Linda I just went onto your site to have a look. You have some gorgeous cats (Annie is beautiful) and I love the kitten photos. This will be a daft question but I've only ever dealt with shorthair breeds so bear with me lol. I noticed in the photo of your 8 day old babies with the eyes open that the the hair covering is still relatively short. How long does it take for the babies to start to get the longer hair?


----------



## Emstarz (May 20, 2008)

Schimmel said:


> So if you're doing a jigsaw puzzle, or taking a shower, or trying to read a paper, they will always try to help in their own special way


Sounds like lots of fun!!!
My husband loves the oriental blues and reds - I must confess to being more a fan of the exotic breeds but I loved the Siamese's personality!

Kittens growing up quickly - they're having a full out fight over a nipple already!!!


----------



## Emstarz (May 20, 2008)

I'm in love with Myrtle - she is so cute and very quirky looking too.
Not suprised she's a little champ - or her dad he is stunning!!!

Emily


----------



## rottiesloveragdolls (Nov 2, 2007)

Schimmel said:


> Linda I just went onto your site to have a look. You have some gorgeous cats (Annie is beautiful) and I love the kitten photos. This will be a daft question but I've only ever dealt with shorthair breeds so bear with me lol. I noticed in the photo of your 8 day old babies with the eyes open that the the hair covering is still relatively short. How long does it take for the babies to start to get the longer hair?

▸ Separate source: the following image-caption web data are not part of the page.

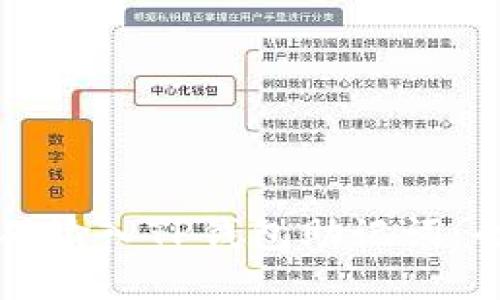 如何正确输入TP钱包助记词：全面指南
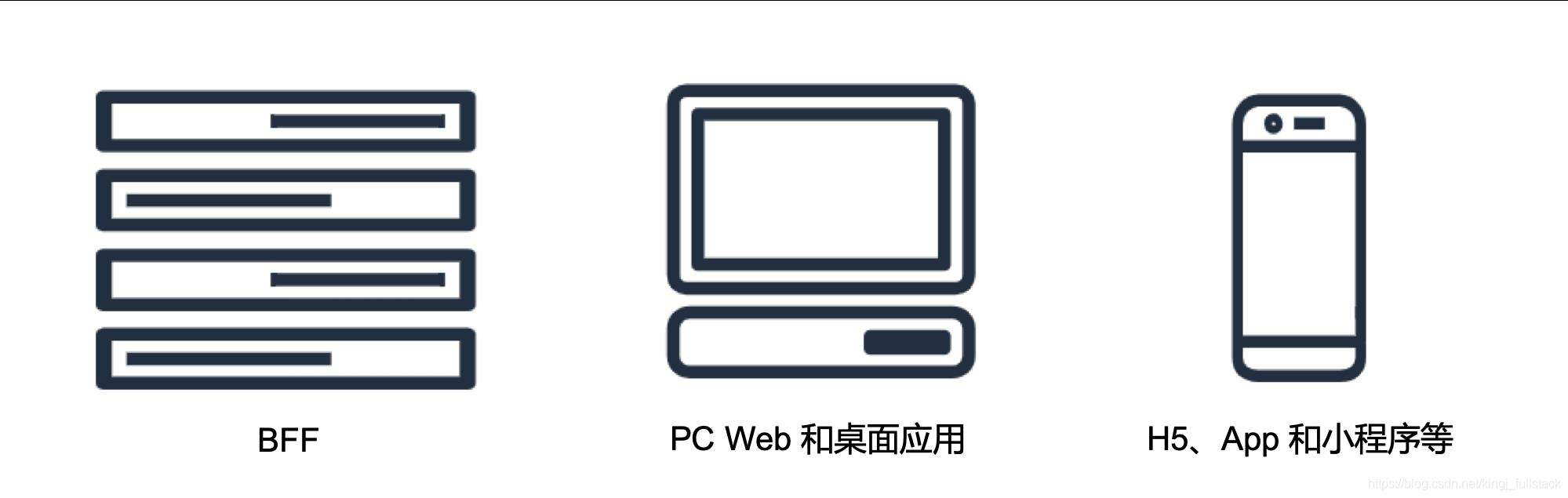 这可能是迄今为止对大前端最好的解释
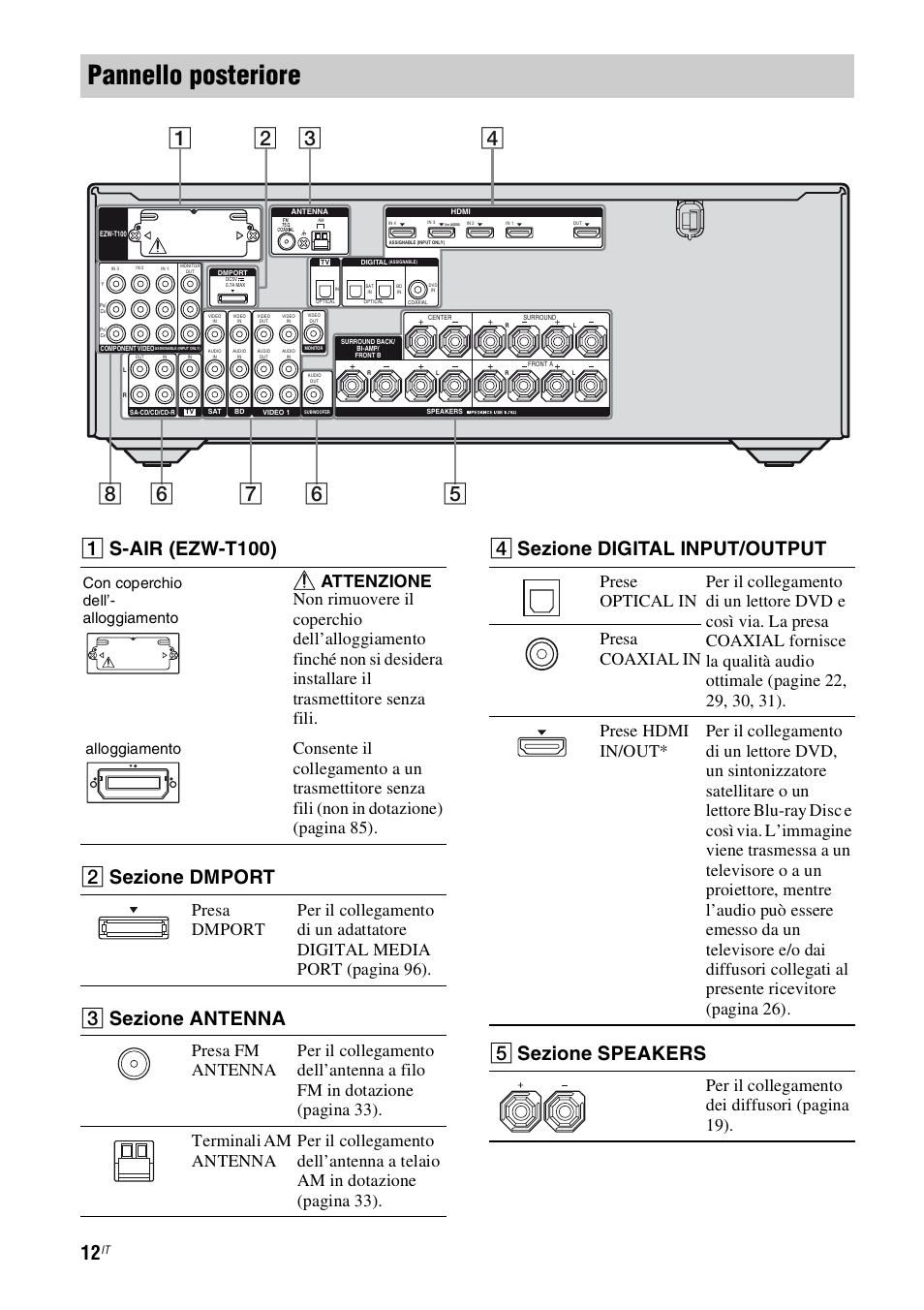 Pannello posteriore, A s-air (ezw-t100), B sezione dmport | C sezione antenna, D sezione digital input/output, E sezione speakers, Per il collegamento dei diffusori (pagina 19), Con coperchio dell’- alloggiamento alloggiamento | Sony STR-DH800 User Manual | Page 12 / 252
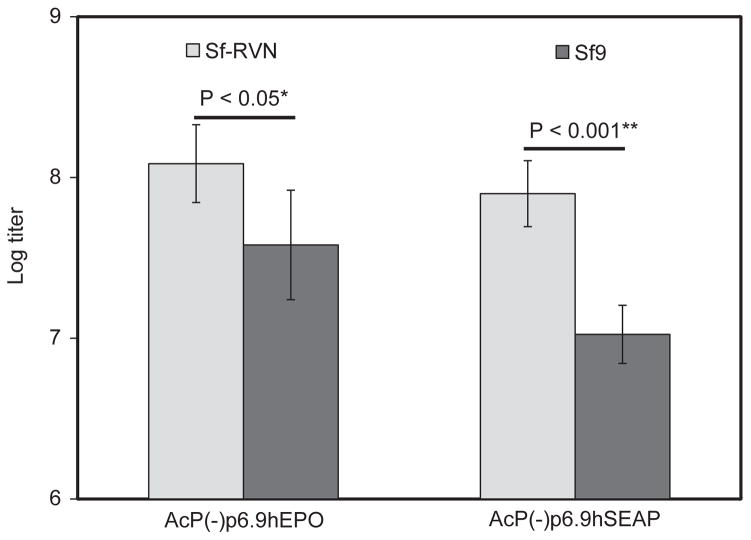 Fig. 9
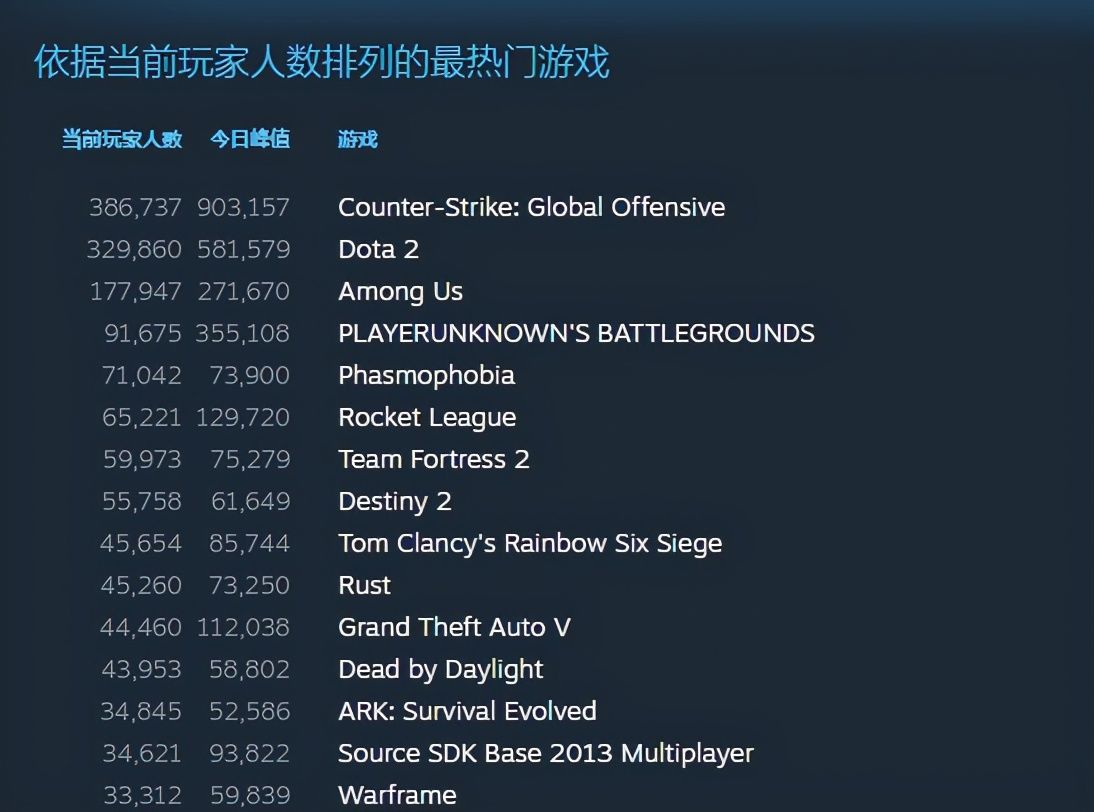 遗落之族|有哪些持续更新的游戏,让你欲罢不能?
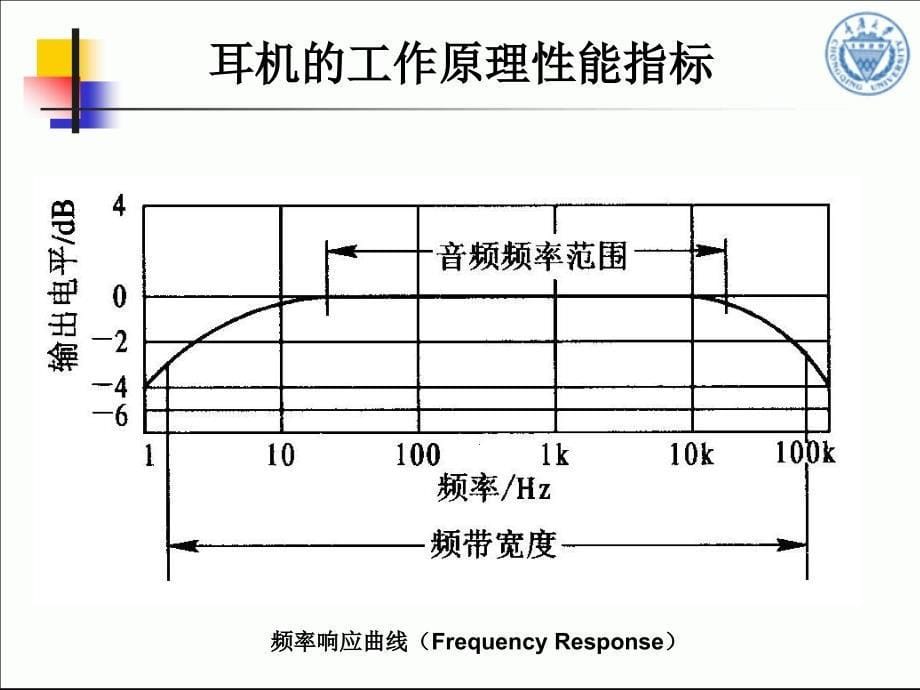 第1章 动圈式耳机的工作原理及特性_第5页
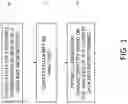 Fig. 02 - Method and system to select a communication mode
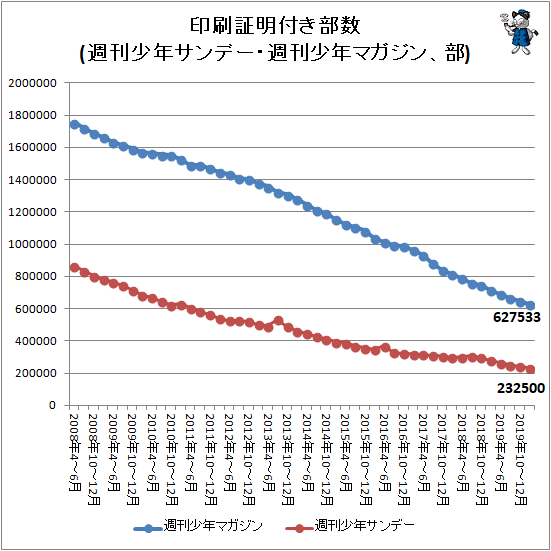 ↑ 印刷証明付き部数(週刊少年サンデー・週刊少年マガジン、部)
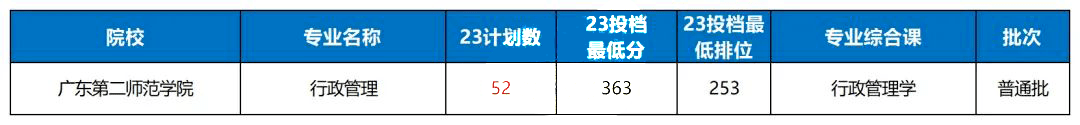 2023年广东第二师范学院专升本录取分数线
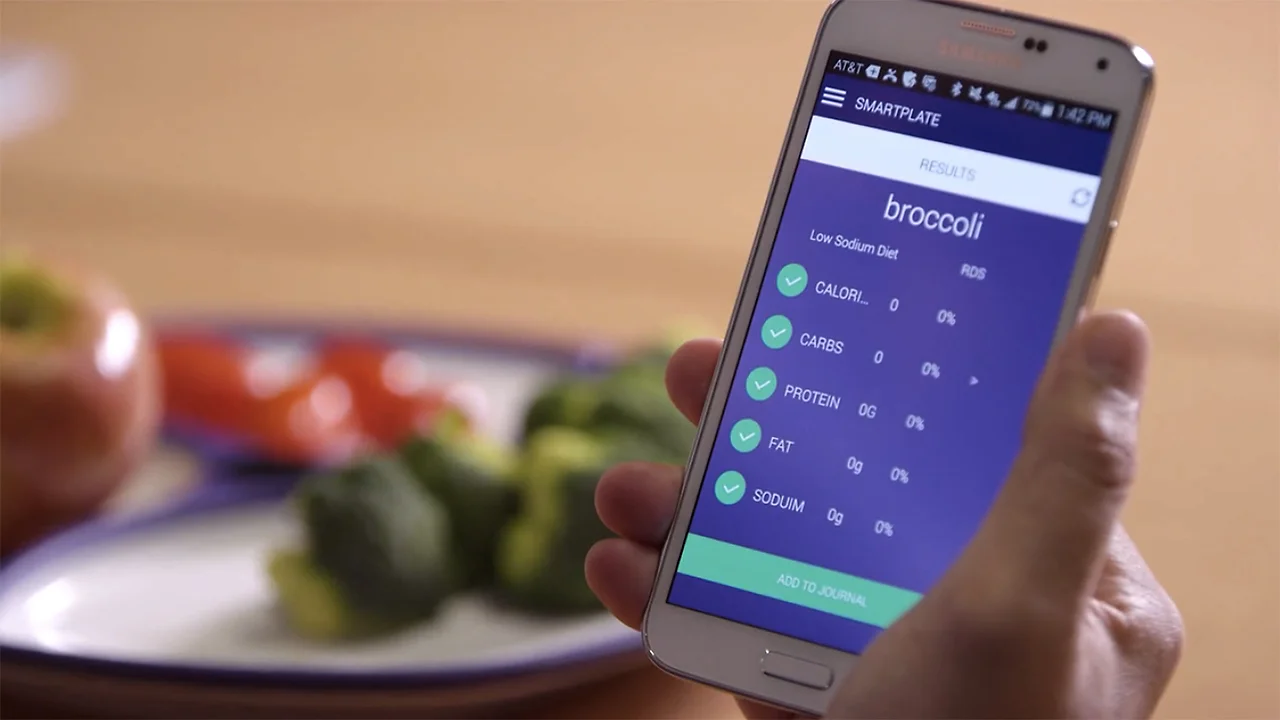 Smart Plate Method This Smart Plate Tells You How Many Calories You're Eating-And Whether ...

they are fluffy and its hard to say, i dont take much notice, but some are fluffier than others, they get full colour around 3yrs, and mature around the age of 4years,


----------



## Siamese Kelly (Jan 6, 2008)

Kittens growing up quickly - they're having a full out fight over a nipple already!!!
Reply With Quote
Know what you mean we have 16 teats,(2 mums) and 10 babies all wanting that special one teat-and they don't half give it some to get it then it's like a big kitty pile up with 2 smart arses in their own spacious spot


----------



## Schimmel (May 17, 2008)

Thank you   I'm very proud of both of them 



Emstarz said:


> I'm in love with Myrtle - she is so cute and very quirky looking too.
> Not suprised she's a little champ - or her dad he is stunning!!!
> 
> Emily


----------



## Schimmel (May 17, 2008)

rottiesloveragdolls said:


> they are fluffy and its hard to say, i dont take much notice, but some are fluffier than others, they get full colour around 3yrs, and mature around the age of 4years,


I had read on your Ragdoll profile on your web site about them maturing at a later age. It's always fascinating how to see aspects of totally different breeds


----------



## may (Nov 2, 2007)

I have 4 Siamese and 1 lovely Oriental Queen  but this amount will soon change  I also have 10 kittens age 12 weeks


----------



## Schimmel (May 17, 2008)

AHA!!! I knew it May!! who are you keeping?????????????? (not counting of course a certain kitten who may soon be leaving Rich's home and heading towards Bolton


----------



## Emstarz (May 20, 2008)

may said:


> I have 4 Siamese and 1 lovely Oriental Queen  but this amount will soon change  I also have 10 kittens age 12 weeks


I love the chocolate ones and your run is a wonderful idea - whatever I end up deciding - breeding, fostering or just adding to my moggie collection I am getting hubby to build one of these onto the new house !!!

Thanks for a fab idea

Emily


----------



## Sinspearian (May 21, 2008)

If I had it my way and if the lottery loved me I would have a huge personal cattery with all different breeds hire some experts to help me and live with them.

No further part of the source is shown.